Could the listing below be reproduced exactly, minus its pictures?

# [Data shown]
^^^^
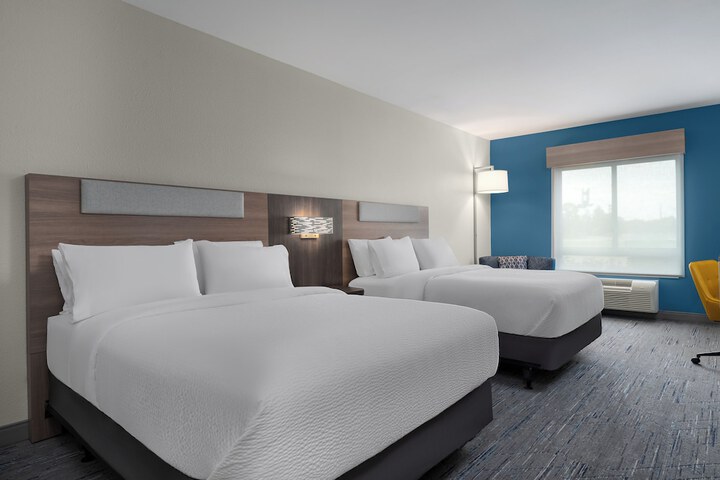 Holiday Inn Express & Suites Alexandria by IHG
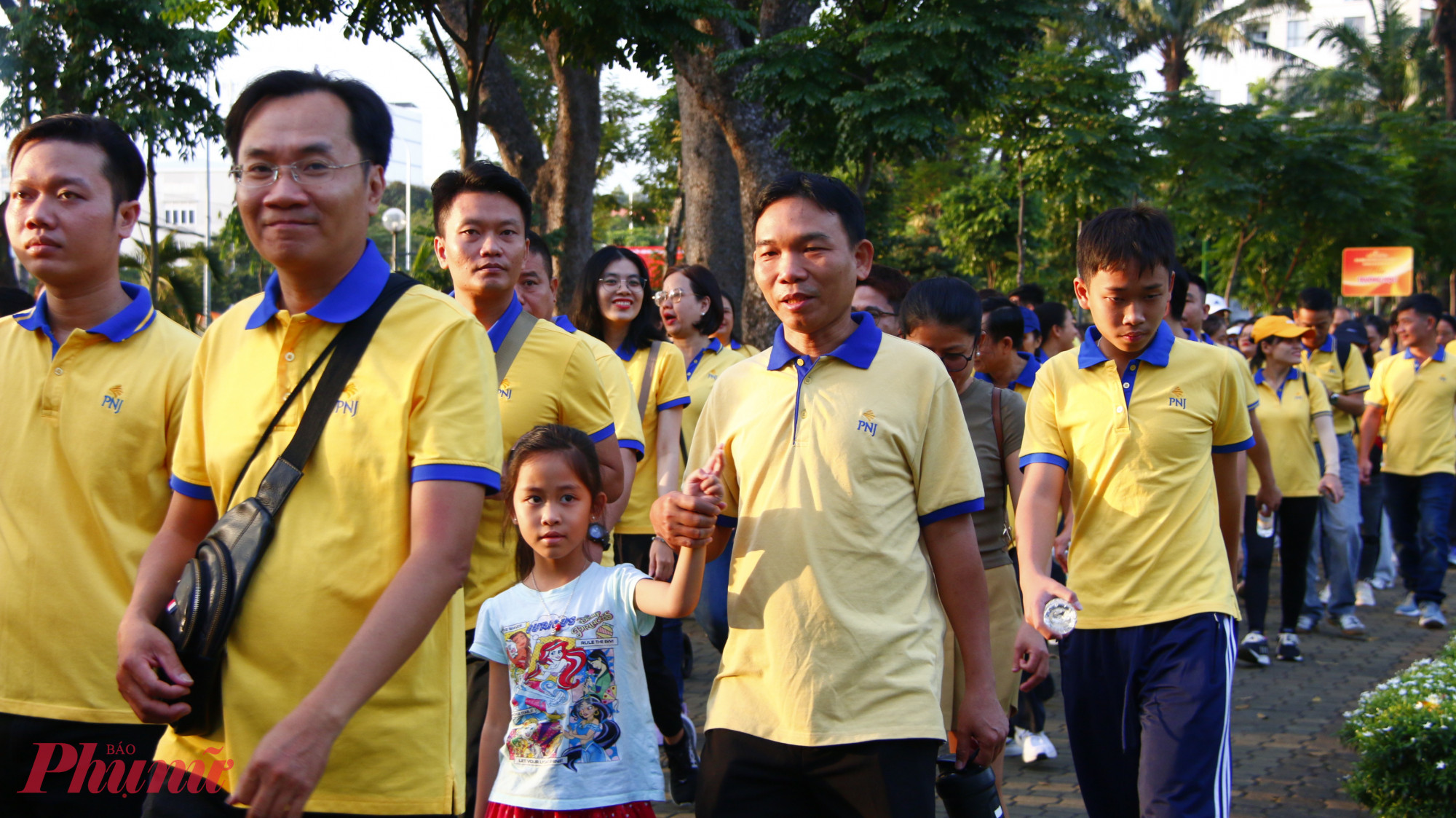 Người dân phường Đức Nhuận gắn kết dịp cuối tuần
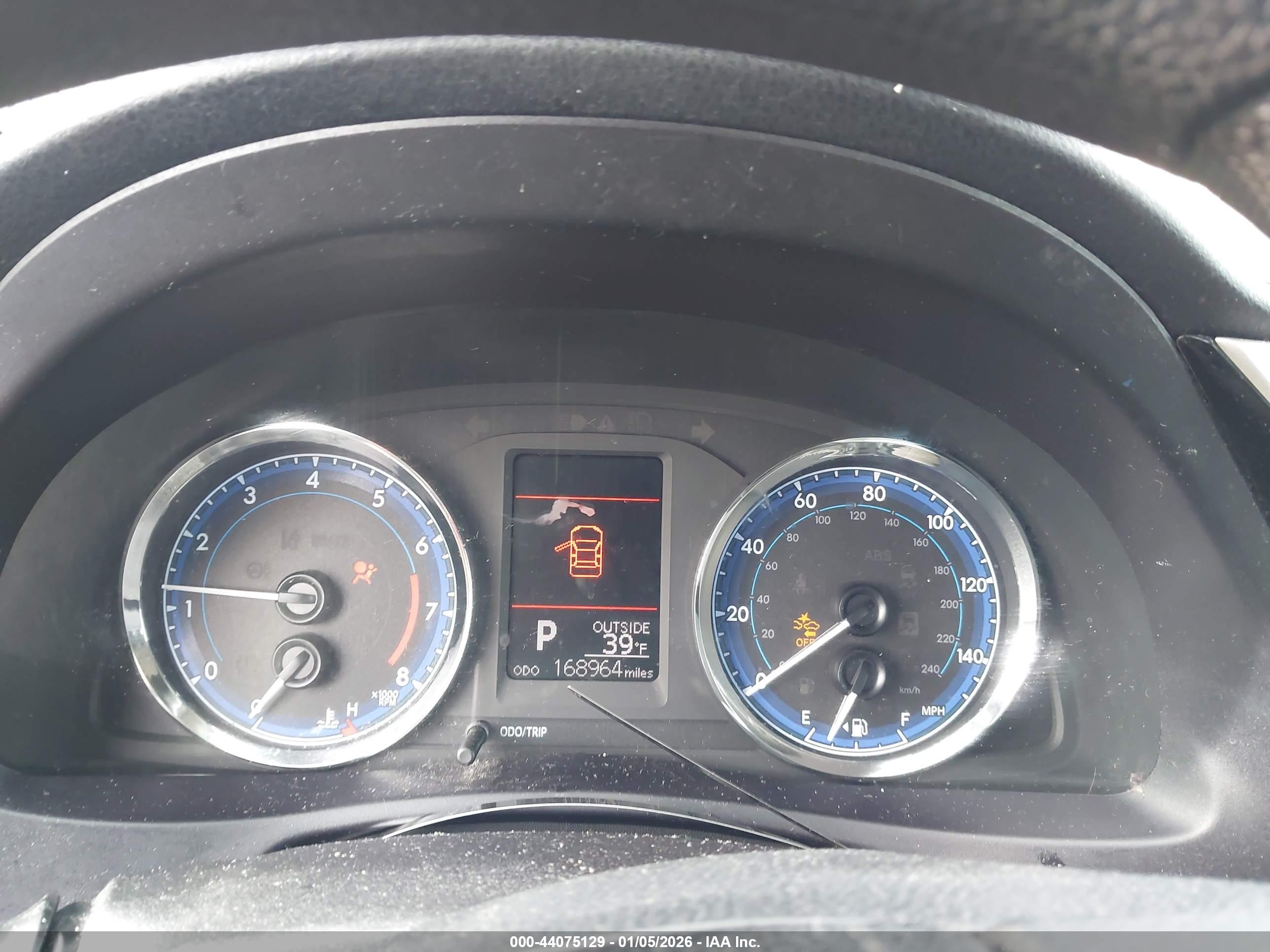 TOYOTA COROLLA image 7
^^^^
# [Output]
 Holiday Inn Express & Suites Alexandria by IHG
 Người dân phường Đức Nhuận gắn kết dịp cuối tuần
 TOYOTA COROLLA image 7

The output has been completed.